Distribution Fitting (Non-Normal Mixture Distributions)

The Distribution Fitting (Non-Normal Mixture Distributions) procedure fits a distribution to continuous numeric data that consist of a mixture of 2 or more univariate normal, Weibull, gamma or lognormal distributions. The components of the mixture may represent different groups in the sample used to fit the overall distribution, or the mixture model may approximate some distribution with a complicated shape.

Random Number Generation

Random numbers may be generated from any of the 46 probability distributions using the Probability Distributions procedure. They may also be generated as part of the Monte Carlo simulations in Statgraphics Centurion.

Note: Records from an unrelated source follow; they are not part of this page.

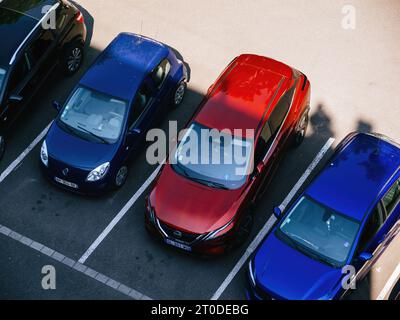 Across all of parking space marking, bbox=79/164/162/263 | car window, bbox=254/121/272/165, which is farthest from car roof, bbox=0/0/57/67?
car window, bbox=254/121/272/165

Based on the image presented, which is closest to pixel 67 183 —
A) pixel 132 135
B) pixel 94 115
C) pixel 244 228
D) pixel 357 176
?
pixel 94 115

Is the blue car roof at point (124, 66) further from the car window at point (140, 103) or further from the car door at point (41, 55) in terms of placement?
the car door at point (41, 55)

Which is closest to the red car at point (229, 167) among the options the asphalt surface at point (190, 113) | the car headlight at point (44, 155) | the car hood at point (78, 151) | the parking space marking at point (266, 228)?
the parking space marking at point (266, 228)

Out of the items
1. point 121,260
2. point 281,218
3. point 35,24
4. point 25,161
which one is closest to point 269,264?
point 281,218

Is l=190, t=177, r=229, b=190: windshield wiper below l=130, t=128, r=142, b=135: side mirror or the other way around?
the other way around

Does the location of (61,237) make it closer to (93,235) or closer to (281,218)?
(93,235)

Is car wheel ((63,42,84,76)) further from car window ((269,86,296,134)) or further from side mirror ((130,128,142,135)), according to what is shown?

Multivariate Normal Random Numbers

This procedure generates random numbers from a multivariate normal distribution involving up to 12 variables. The user inputs the variable means, standard deviations, and the correlation matrix. Random samples are generated which may be saved to the Statgraphics databook.


Multivariate Normality Test

This procedure tests whether a set of random variables could reasonably have come from a multivariate normal distribution. It includes Royston’s H test and tests based on a chi-square plot of the squared distances of each observation from the sample centroid.


Statistical Tolerance Limits

Statistical tolerance limits give a range of values for a variable such that one may be 100(1-alpha)% confident that P percent of the population from which a data sample comes falls within that range. The limits may be based on a particular distribution such as the normal or Weibull distribution, or they may be constructed using a nonparametric approach.

Multivariate Tolerance Limits

The Multivariate Tolerance Limits procedure creates statistical tolerance limits for data consisting of more than one variable. It includes a tolerance region that bounds a selected p% of the population with 100(1-a)% confidence. It also includes joint simultaneous tolerance limits for each of the variables using a Bonferroni approach. The data are assumed to be a random sample from a multivariate normal distribution. Multivariate tolerance limits are often compared to specifications for multiple variables to determine whether or not most of the population is within spec.


Trivariate Density Statlet

The Trivariate Density Statlet displays the estimated density function for 3 columns of numeric data. It does so using either a 3-dimensional contour plot or a 3-dimensional mesh plot. The joint distribution of the 3 variables may either be assumed to be multivariate normal or be estimated using a nonparametric approach.